Approximately 25% of breast cancers overexpress the ErbB2 (HER2) receptor, and this receptor is targeted for treatment, e.g. by Trastuzumab, an anti-HER2 monoclonal antibody and/or by Lapatinib a tyrosine kinase inhibitor of EGFR (HER1) and HER2. Over time some tumours that initially respond to these treatments develop resistance; this may be a manifestation of robustness, i.e. the cells adapting to perturbations in their environment. Three HER2-positive cancer cell lines, HCC1954, SKBR3 and BT474 and their respective Lapatinib resistant variants (developed in the School of Pharmacy and Pharmaceutical Sciences, Trinity College Dublin) as HCC1954 RL (resistant to Lapatinib), SKBR3 RL (resistant to Lapatinib) and BT474 RL (resistant to Lapatinib) were studied for this project.

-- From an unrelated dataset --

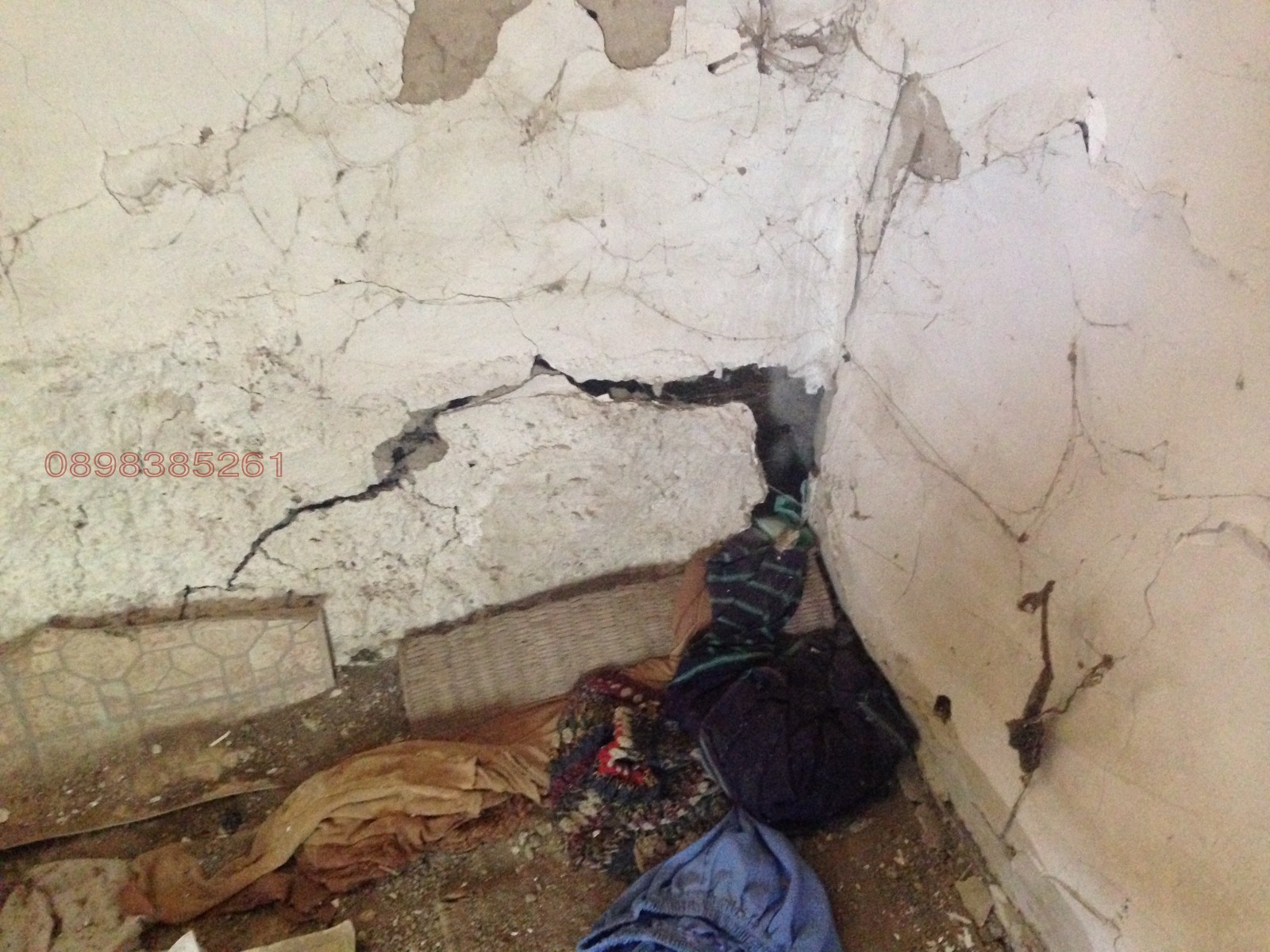 Продава КЪЩА, с. Вардим, област Велико Търново, снимка 13 - Къщи - 53896606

Characterisation of three cancer cell lines pairs, Control and RL was performed. Invasion and migration assays were performed on HCC1954 and SKBR3 sensitive and resistant pairs. Increases of 25.7% in invasion and 84.4% in migration of SKBR3 RL cells compared to SKBR3 parent cells were observed; whereas the HCC1954 cell line pairs were seeded too densely to note any differences.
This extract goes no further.